Auteur du pire attentat commis en sol norvégien depuis la Deuxième Guerre mondiale, Anders Behring Breivik est le sujet d'explications empruntant un peu trop au bazar de la «psycho pop». En attendant le diagnostic de «psys» patentés, une chose est certaine: il est surtout le produit d'un mouvement de plus en plus dangereux logeant à l'enseigne du nazisme et du fanatisme chrétien.
Dans un rapport publié en 2010 et consacré à la sécurité publique en Europe, Interpol soulignait que «l'activisme d'extrême droite était en déclin» sauf que la «professionnalisation de la propagande et de l'organisation des groupes extrémistes», qu'a favorisé le développement de la quincaillerie informatique et sa cohorte de réseaux dits sociaux, «dénote leur volonté de diffuser leur idéologie et constitue toujours une menace pour les États membres de l'Union européenne». D'autant plus que l'essor, toujours sur Internet, de la haine de l'autre et le cocktail idéologique que cela suppose, sans oublier les recettes détaillant comment fabriquer une bombe, ont produit une nouvelle réalité: il n'est plus obligatoire d'appartenir à un groupuscule pour commettre un attentat d'envergure.
Le cas Breivik a ceci d'éloquent que celui-ci a traduit dans les faits la théorisation du «loup solitaire» développée par un suprématiste blanc et américain en 1974 qui s'appelait Joseph Tommasi. En substance, ce dernier expliquait que le terrorisme individuel avait pour énorme avantage la réduction à néant de la trahison et la soustraction absolue de ces liens entre personnes pouvant être décelés par la police. Dans le cas qui nous occupe aujourd'hui, il faut souligner deux fois plutôt qu'une qu'il présente de nombreuses similitudes avec le massacre perpétré en 1995 par un autre loup plus ou moins solitaire à Oklahoma City: Timothy McVeigh.
Du mode opératoire choisi par ce dernier, le Norvégien s'est énormément inspiré. En fait, les deux ont puisé dans un autre écrit signé, également dans les années 70, par un autre suprématiste blanc et acolyte de Tommasi. Son nom? William Pierce. Dans un récit intitulé Turner Diaries, Pierce explique qu'il est impérieux de s'en prendre à tout ce qui ressemble de près ou de loin à l'État parce que coupable d'être le fer de lance d'une cinquième colonne vouée à la destruction de l'Occident chrétien. Il déclinait même le cocktail chimique que Breivik et McVeigh ont appliqué.

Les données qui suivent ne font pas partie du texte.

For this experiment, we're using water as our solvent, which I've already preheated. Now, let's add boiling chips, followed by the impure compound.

Le pire dans cette histoire et que bien des aspects, bien des vices idéologiques développés par le duo Pierce-Tommassi ont été repris, alimentés et augmentés par une légion de fondamentalistes chrétiens qui polluent les ondes du centre et du sud des États-Unis avec leur haine du musulman, de l'homosexuel et des «pro-choix» en matière d'avortement.
Leur montée en puissance a été telle que par le biais du Tea Party, ils ont introduit leurs idées au coeur du Parti républicain. Pour s'en convaincre, il suffit de prêter l'oreille aux élucubrations de Michele Bachman et Sarah Palin, figures de proue de ce mouvement.

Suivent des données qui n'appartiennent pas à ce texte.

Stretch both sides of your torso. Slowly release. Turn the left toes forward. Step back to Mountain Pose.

Ainsi qu'en témoignent des extraits de son essai long de 1500 pages, Breivik a forgé son corpus idéologique en reprenant les saillies raciales des chrétiens américains, mais également des nazis européens d'aujourd'hui qui, là encore, usent à fond d'Internet comme caisse de résonance de leur haine prononcée pour le musulman.
Tous les groupuscules du Vieux Continent ayant une nostalgie certaine pour le régime hitlérien ont la certitude, tenez-vous bien, que les gouvernements actuels et les dirigeants musulmans ont conclu un pacte: l'émergence à moyen terme de l'Eurabia, soit une Europe administrée de La Mecque.
Cela étant, le geste posé par Breivik a ceci de très inquiétant qu'il est un écho, ne serait-ce que partiel, à la flopée de partis conservateurs et nationalistes qui ont fait leur entrée dans un nombre impressionnant de Parlements européens au cours des dernières années. Tous ces élus surfent sur la haine de l'État, tous s'avèrent des marchands de haine de l'immigrant en général et du musulman en particulier, tous affichent leur inclination pour des idéologies de l'entre-deux-guerres. Ce qui vient de se passer à Oslo et dans ses environs n'est pas un fait strictement norvégien, mais bien le reflet, si l'on peut dire, d'une Europe qui, sous les coups de boutoir du nationalisme, a laissé ses vieux démons resurgir.